_What you should do_:
Every line of the records below from the line with "T-shirt met flamingo's - RED - 7/8" up to and including the line with "Plakat Santorini –" must be reproduced exactly, and no line outside that range.

_Input records_:
*****
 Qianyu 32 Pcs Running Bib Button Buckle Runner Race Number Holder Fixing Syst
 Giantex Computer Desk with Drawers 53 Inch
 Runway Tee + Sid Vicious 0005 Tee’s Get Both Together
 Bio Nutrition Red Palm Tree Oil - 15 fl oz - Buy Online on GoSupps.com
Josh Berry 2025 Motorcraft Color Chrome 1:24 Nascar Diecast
*****
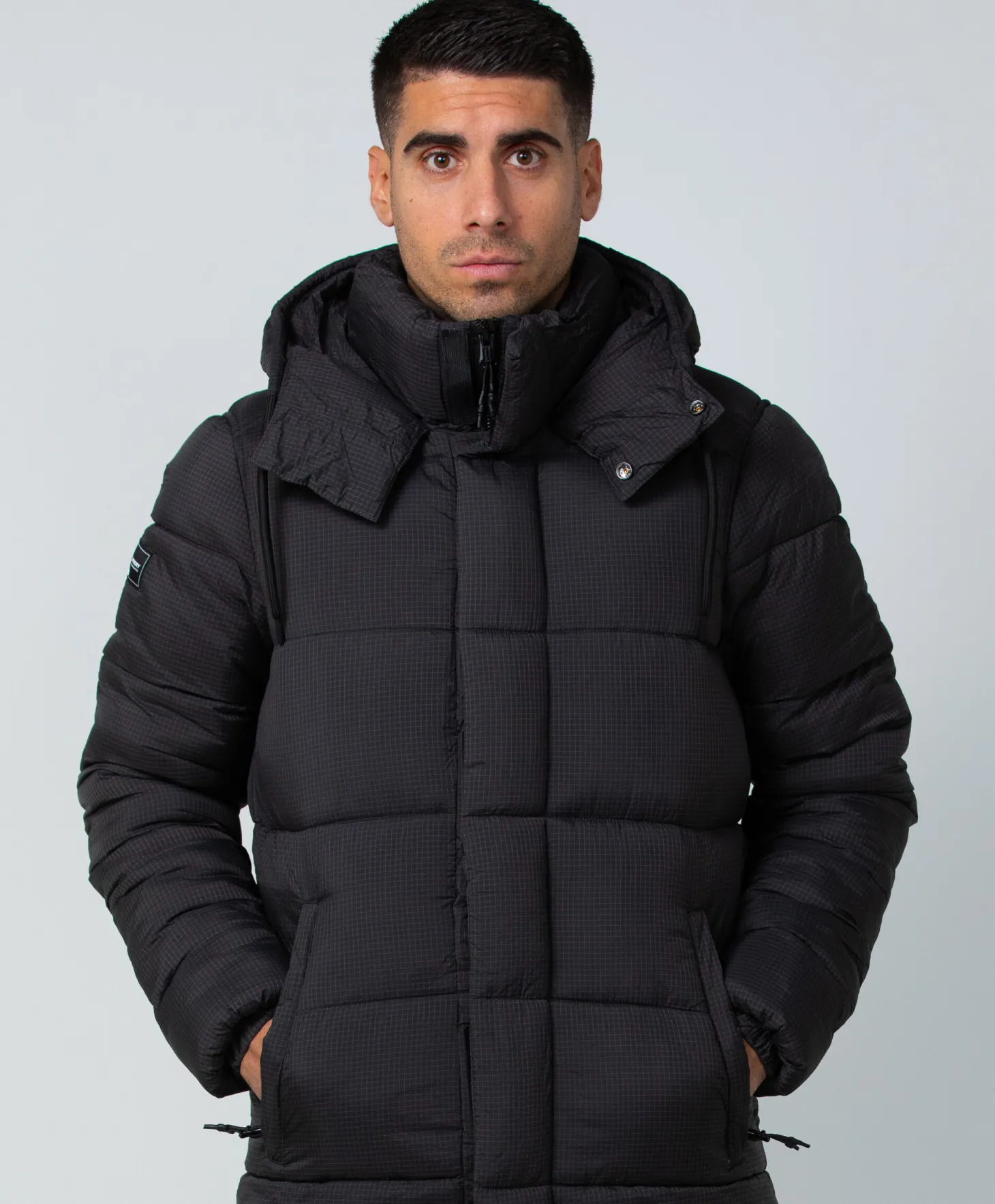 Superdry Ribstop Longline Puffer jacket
*****
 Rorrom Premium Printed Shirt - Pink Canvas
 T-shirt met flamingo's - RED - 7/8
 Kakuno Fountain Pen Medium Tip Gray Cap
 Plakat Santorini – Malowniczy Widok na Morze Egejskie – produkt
*****
_Reply to the exercise_:
 T-shirt met flamingo's - RED - 7/8
 Kakuno Fountain Pen Medium Tip Gray Cap
 Plakat Santorini – Malowniczy Widok na Morze Egejskie – produkt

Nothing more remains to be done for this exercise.